From a1b125cc02e816d0ffaf8e55efe8d1dc8f8f4407 Mon Sep 17 00:00:00 2001
From: Torben <59419684+entorb@users.noreply.github.com>
Date: Sat, 27 Apr 2024 14:54:47 +0200
Subject: [PATCH] ebook: fix ellipsis spacing (#166)

---
 scripts/check_chapters.py    | 54 ++++++++----------------------------
 scripts/ebook/step_6.py      | 26 ++++++++++++++++-
 scripts/ebook/step_6_test.py | 32 +++++++++++++++++++++
 3 files changed, 69 insertions(+), 43 deletions(-)
 create mode 100644 scripts/ebook/step_6_test.py
diff --git a/scripts/check_chapters.py b/scripts/check_chapters.py
index f536a63a..791660a5 100755
--- a/scripts/check_chapters.py
+++ b/scripts/check_chapters.py
@@ -140,7 +140,7 @@ def fix_line(s: str) -> str:
     # simple and safe
     s = fix_spaces(s)
     s = fix_latex(s)
-    s = fix_dots(s)
+    s = fix_ellipsis(s)
     s = fix_MrMrs(s)
     s = fix_numbers(s)
     s = fix_common_typos(s)
@@ -214,53 +214,23 @@ def fix_latex(s: str) -> str:
 assert fix_latex("no new line after \\\\") == "no new line after \\\\"
 
 
-def fix_dots(s: str) -> str:
+def fix_ellipsis(s: str) -> str:
+    """Fix spaces around ellipsis."""
     # ... -> …
     s = s.replace("...", "…")
-    # ... with spaces around
-    s = s.replace(" … ", "…")
-    # NOT '… ' as in ', no… “I'
-    # s = re.sub(r" *… *", r"…", s)
-    # … at start of line
-    s = re.sub(r"^ *… *", r"…", s)
-    # … at end of line
-    s = re.sub(r" *… *$", r"…", s)
-    # before comma
-    s = s.replace(" …,", "…,")
-
-    if settings["lang"] == "EN":
-        # … at end of quotation ' …"' -> '…"'
-        s = s.replace(" …”", "…”")
-        # "… " but not before “
-        s = re.sub(r"… (?!“)", r"…", s)
-        # " …" but after punctuation
-        s = re.sub(r"(?<!(%|,|\.|!|\?|:)) …", r"…", s)  # … at start of line
-    if settings["lang"] == "DE":
-        # … at end of quotation ' …"' -> '…"'
-        s = s.replace(" …“", "…“")
-        # "… " but not before „
-        s = re.sub(r"… (?!„)", r"…", s)
-        # " …" but after punctuation
-        s = re.sub(r"(?<!(%|,|\.|!|\?|:)) …", r"…", s)

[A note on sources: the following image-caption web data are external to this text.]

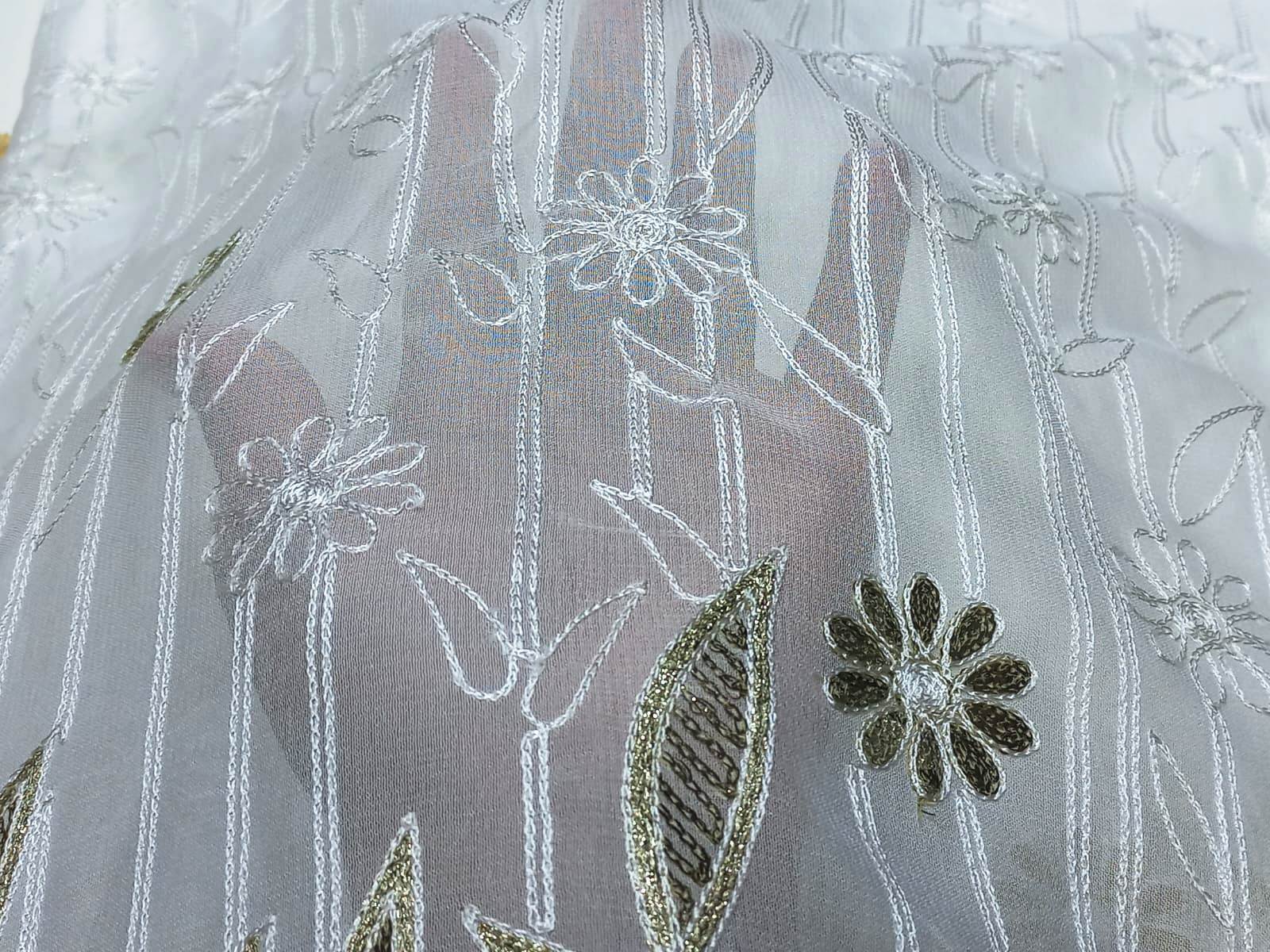 Georgette Viscose Thread Gold Foil Daman Fabric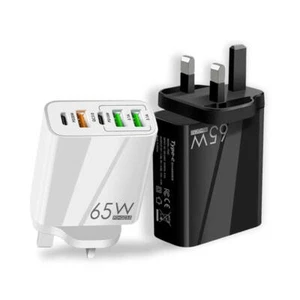 CE RoSH 65W Fast Quick charge UK 3 Pin Mains Wall Charger USB A USB Type C Plug - Picture 1 of 1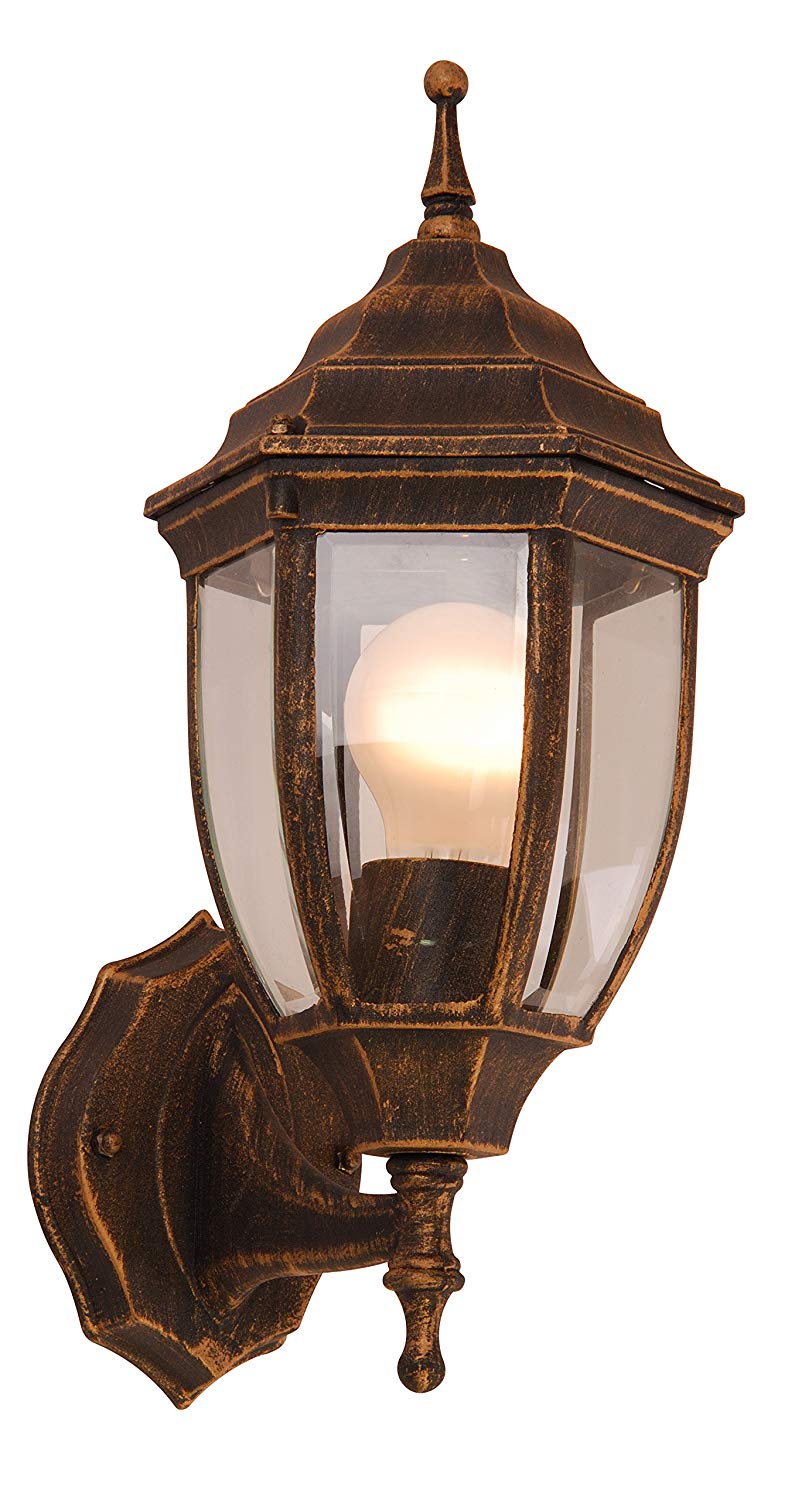 Globo E27 NYX1 IP44 Outdoor Wall Light, Gold, 31710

-    #  keep space between . or , and …
-    s = re.sub(r"([,\.!\?])…", r"\1 …", s)
+    # remove all spaces around ellipsis
+    s = re.sub(r" *… *", r"…", s)
 
+    # after punctuation: add space
+    s = re.sub(r"(?<=[\.\?!:,;])…", r" …", s)
     return s
 
 
-assert fix_dots("bad...dots") == "bad…dots"
-assert fix_dots("bad … dots") == "bad…dots"
-assert fix_dots("bad.…dots") == "bad. …dots"
-assert fix_dots("bad. …dots") == "bad. …dots"
-assert fix_dots("bad, …dots") == "bad, …dots"
-assert fix_dots("bad! …dots") == "bad! …dots"
-assert fix_dots("bad? …dots") == "bad? …dots"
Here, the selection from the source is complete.